Fault Lines

Early life and education

Meena Alexander was born Mary Elizabeth Alexander on 17 February 1951 in Allahabad, India, to George and Mary (Kuruvilla) Alexander,[1] into a Syrian Christian family[2] from Kerala, India.[3][4] Her father was a meteorologist for the Indian government and her mother was a homemaker.[1] Her paternal grandmother was in an arranged marriage by age eight to her paternal grandfather, who was a wealthy landlord.[5] Her maternal grandmother, Kunju, died before Alexander was born, and had both completed higher education and been the first woman to become a member of the legislative assembly in Tavancore State.[5] Her maternal grandfather was a theologian and social reformer who worked with Gandhi, and had been the principal of Marthoma Seminary in Kottayam; he gave Alexander a variety of books, and talked to her about serious topics such as mortality, the Buddha, and apocalypse, before he died when she was eleven years old.[5]
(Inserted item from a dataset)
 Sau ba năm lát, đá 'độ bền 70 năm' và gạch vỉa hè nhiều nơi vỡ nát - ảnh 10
Alexander lived in Allahabad and Kerala until she was five years old, when her family moved to Khartoum after her father accepted a post in the newly independent Sudan.[1][2] She continued to visit her grandparents in Kerala, was tutored at home on speaking and writing English, and finished high school in Khartoum at age 13.[5][6] Alexander recalled to Erika Duncan of World Literature Today that she began writing poetry as a child after she tried to mentally compose short stories in Malayalam but felt unable to translate them into written English; without an ability to write in Malayalam, she instead began writing her stories as poems.[5]
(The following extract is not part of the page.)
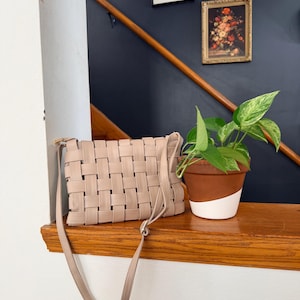 Borsa a tracolla intrecciata beige Anthropologie / Ecopelle immagine 1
She enrolled in Khartoum University at age 13, and had some poems she wrote translated into Arabic (a language she could not read)[5] and then published in a local newspaper.[7][2] At age 15, she officially changed her name from Mary Elizabeth to Meena, the name she had been called at home.[7][8] In 1969, she completed a bachelor's degree in English and French from Khartoum University.[1] She began her PhD at age 18 in England.[2] In 1970, at age 19, she had what she described as "the time-honored tradition of a young intellectual ... having a nervous breakdown", where for more than a month she lost the ability to read and retreated to the country to rest.[9][5] She completed her PhD in British Romantic literature in 1973 at age 22 from University of Nottingham.[1][10]
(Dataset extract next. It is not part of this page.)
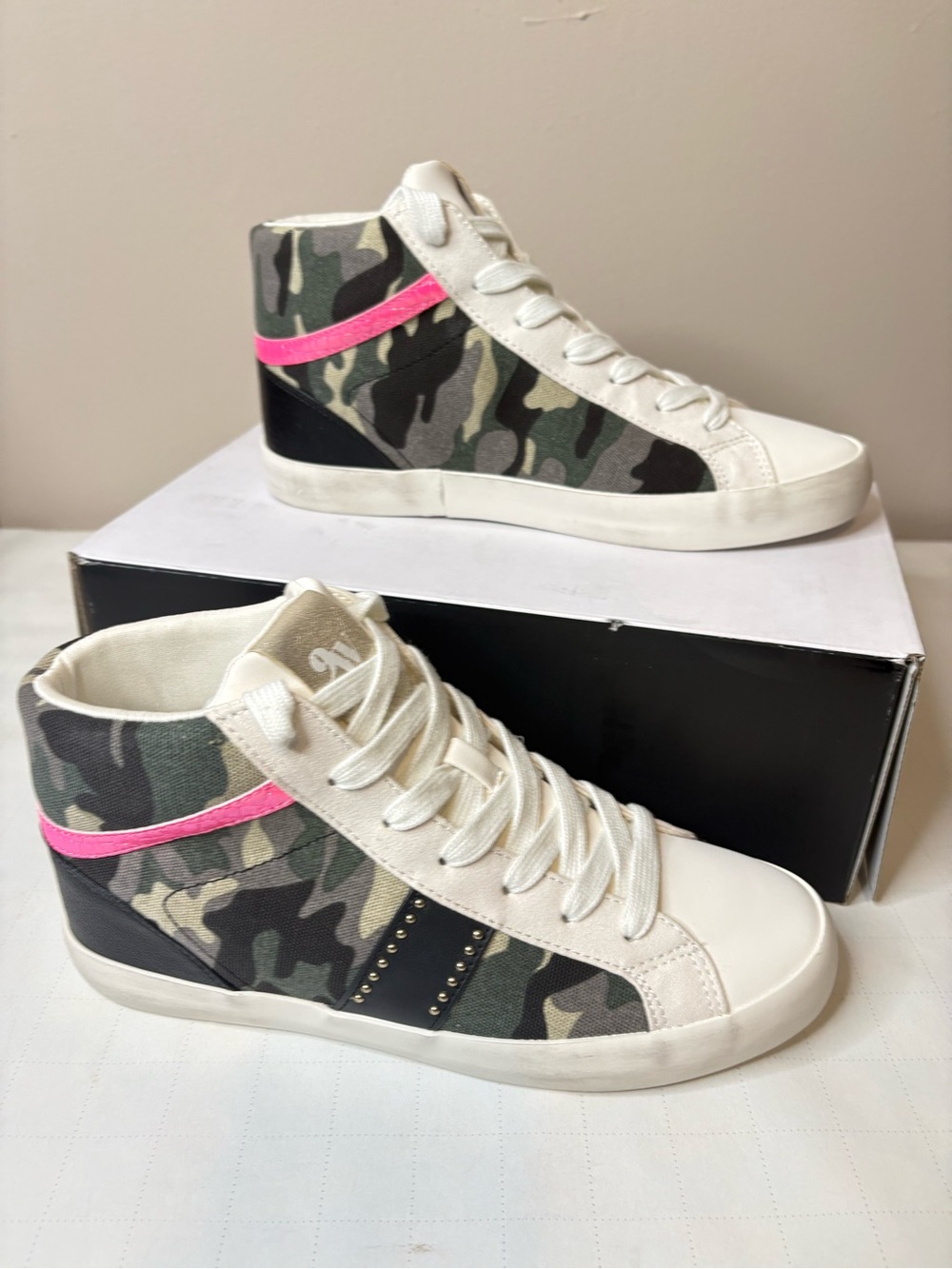 Nine West 8.5 Camo Print Stunnah Women's High-Top Sneakers New in Box (28)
After completing her PhD, Alexander returned to India, and was a lecturer in the English Department at Miranda House, University of Delhi in 1974, a lecturer in English and French at Jawaharlal Nehru University in 1975, a lecturer in English at the Central Institute of English at the University of Hyderabad, from 1975 to 1977, during the National Emergency in India,[11][7] and a lecturer at the University of Hyderabad from 1977 to 1979.[12] She published her first volumes of poetry in India through the Kolkata Writers Workshop,[7] a publisher founded by P. Lal, a poet and professor of English at St. Xavier's College, Kolkata.[11] She also met David Lelyveld, a historian on sabbatical from the University of Minnesota, while they were in Hyderabad, and they married in 1979.[7][1] She then moved with her husband to New York City.[1][2] In 2009, she reflected on her move to the United States in the late 1970s, stating "There was a whole issue of racism that shocked me out of my wits. I never thought of myself as a person of color. I was normally the majority where I lived."[13]